## Scraped caption text data
#####
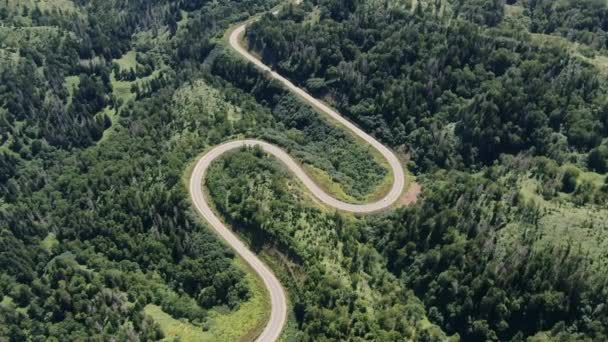 Zdjęcie Lotnicze Krętej Drogi Przechodzącej Przez Gęsty Zielony Las Samochód — Wideo stockowe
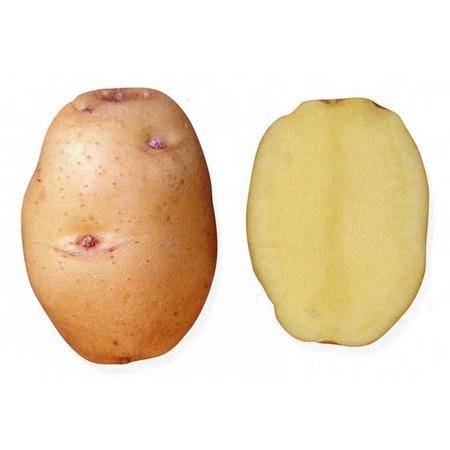 Раннеспелый картофель Барон и Импала с фото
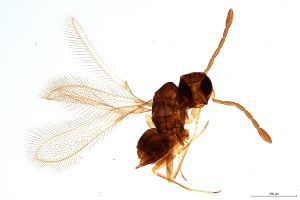 Th227-0 silesicus.jpg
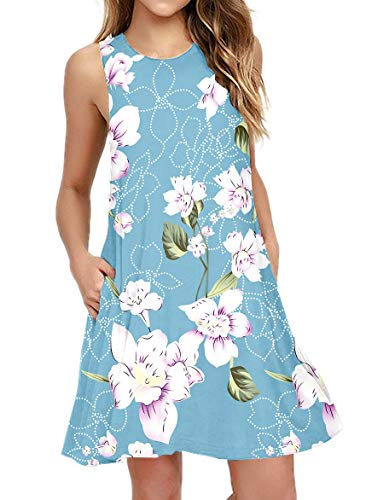 HAOMEILI Women's Casual Swing T-Shirt Dresses with Pockets M Floral Print Light Blue Sleeveless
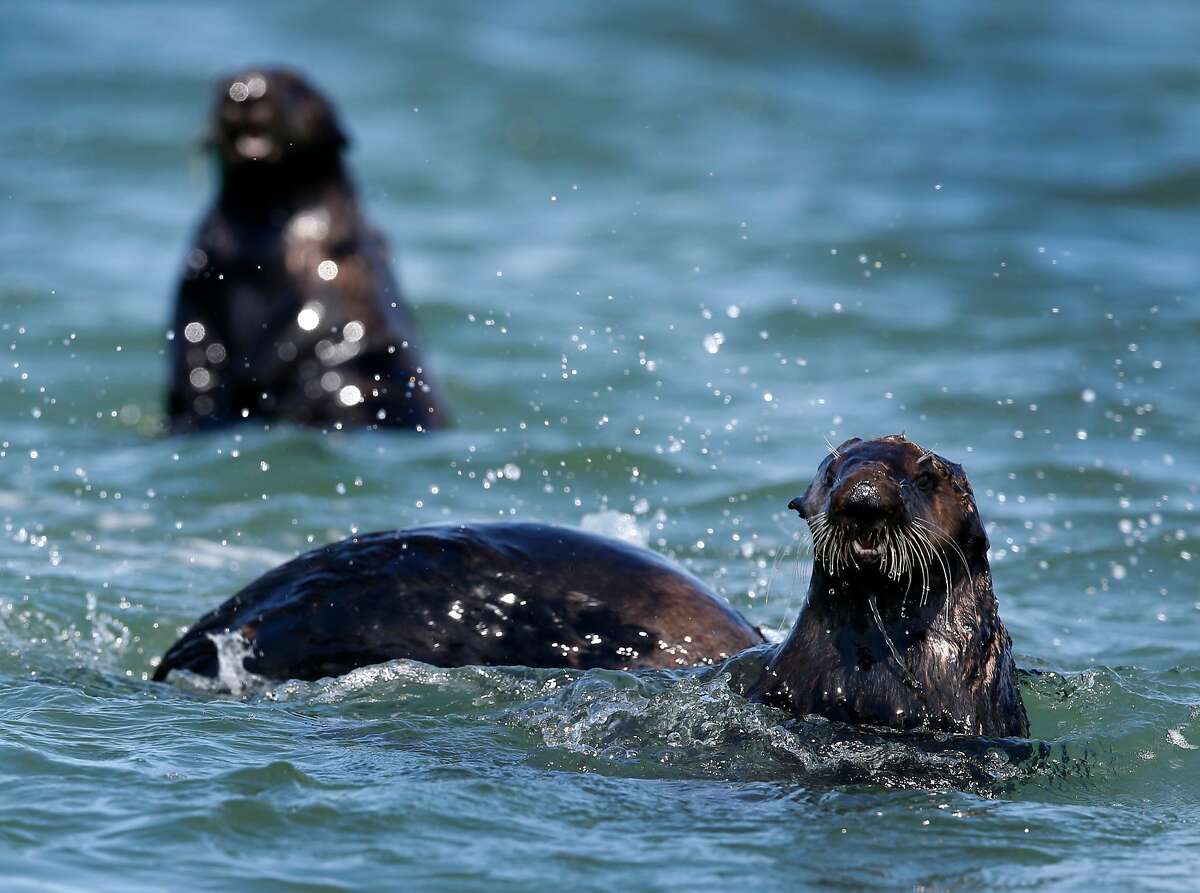 Sea otters gather at Elkhorn Slough in Moss Landing, Calif. on Thursday, April 12, 2018. Marine biologists from the Monterey Bay Aquarium have observed that sea otters rehabilitated and released into Elkhorn Slough has helped restore eel grass beds and the ecosystem.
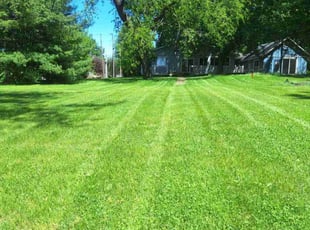 Mark P.'s turf maintenance service result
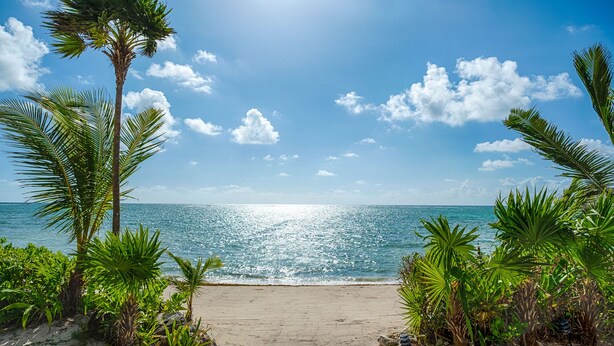 Ein Strand mit Palmen und blauem Himmel.
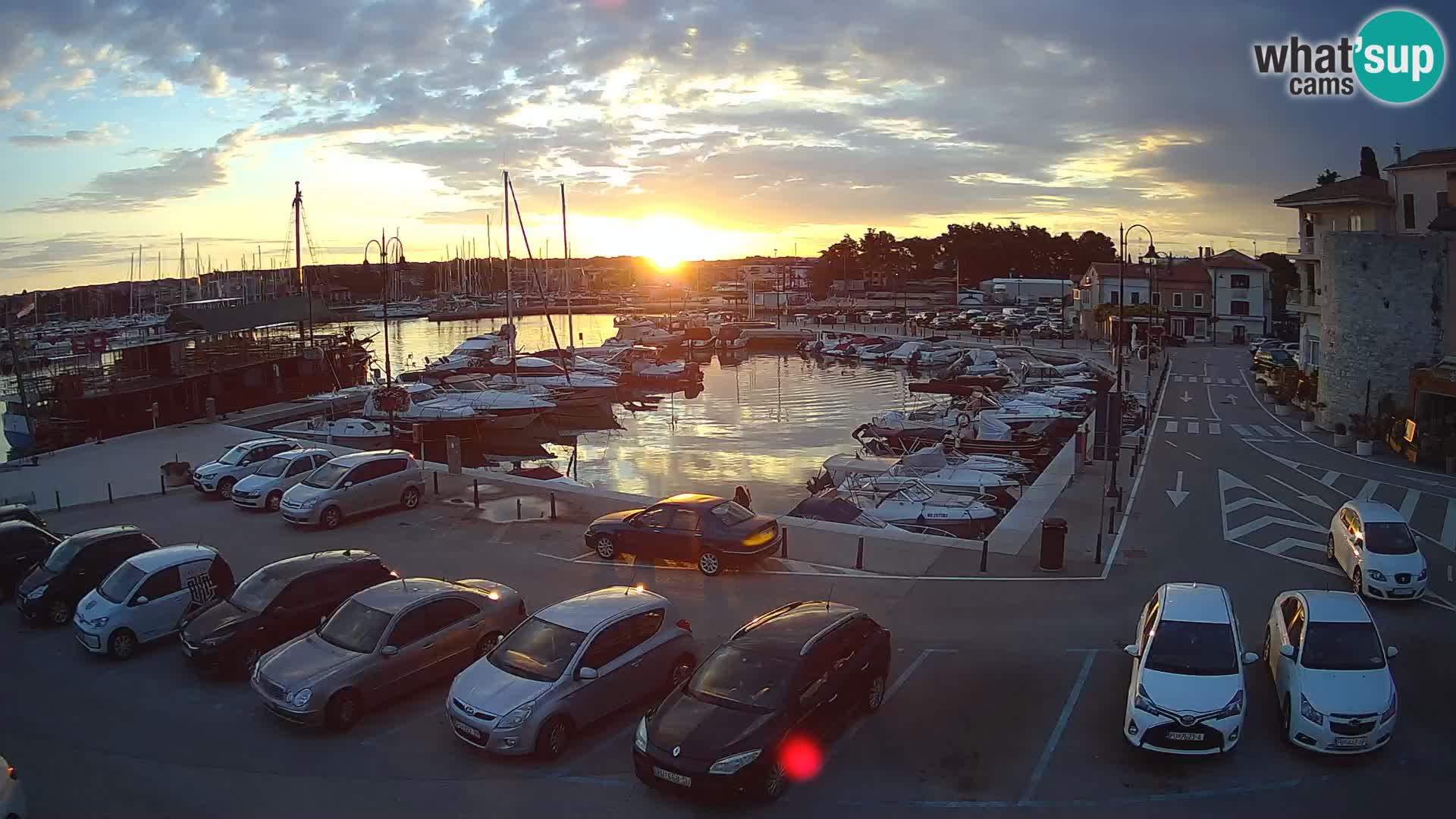 Novigrad | Porporela marina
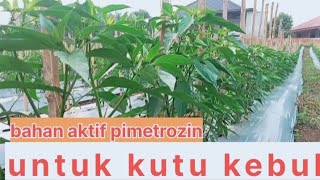 insektisida untuk kutu kebul [upl. by Nosnaj379]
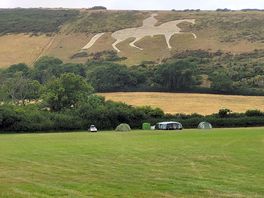 White horse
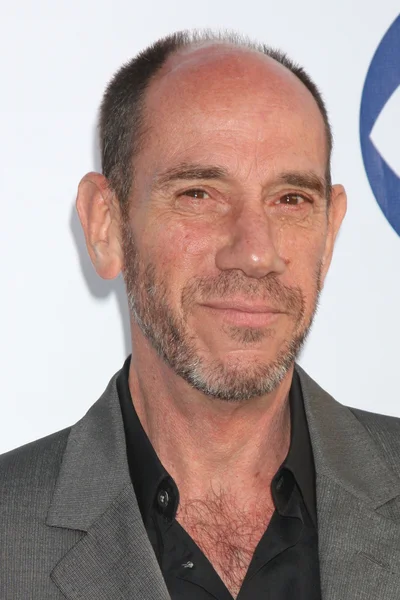 Miguel Ferrer —  Fotos de Stock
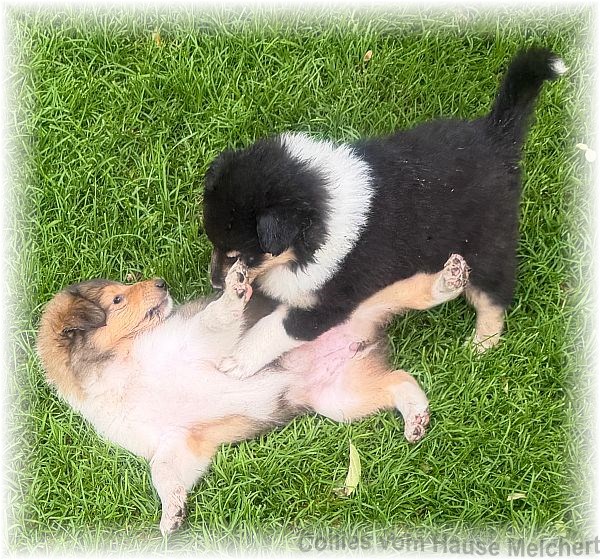 Collies vom Hause Melchert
#####
## Task description
Please return only the lines from the top of the data through the line with "HAOMEILI Women's Casual", exactly as written, and drop every picture.

## The answer
 Zdjęcie Lotnicze Krętej Drogi Przechodzącej Przez Gęsty Zielony Las Samochód — Wideo stockowe
 Раннеспелый картофель Барон и Импала с фото
 Th227-0 silesicus.jpg
 HAOMEILI Women's Casual Swing T-Shirt Dresses with Pockets M Floral Print Light Blue Sleeveless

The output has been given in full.